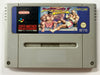Super Street Fighter 2 Turbo Cartridge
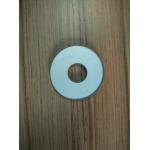 Ultrasonic Ceramic Used In Ultrasonic Transducer 50*17*5mm PZT8 for sale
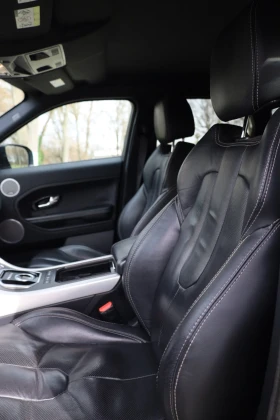 Land Rover Range Rover Evoque, снимка 6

What needs to be done: Would you set down the listing exactly, omitting pictures?

Expected output:
Super Street Fighter 2 Turbo Cartridge
 Ultrasonic Ceramic Used In Ultrasonic Transducer 50*17*5mm PZT8 for sale
 Land Rover Range Rover Evoque, снимка 6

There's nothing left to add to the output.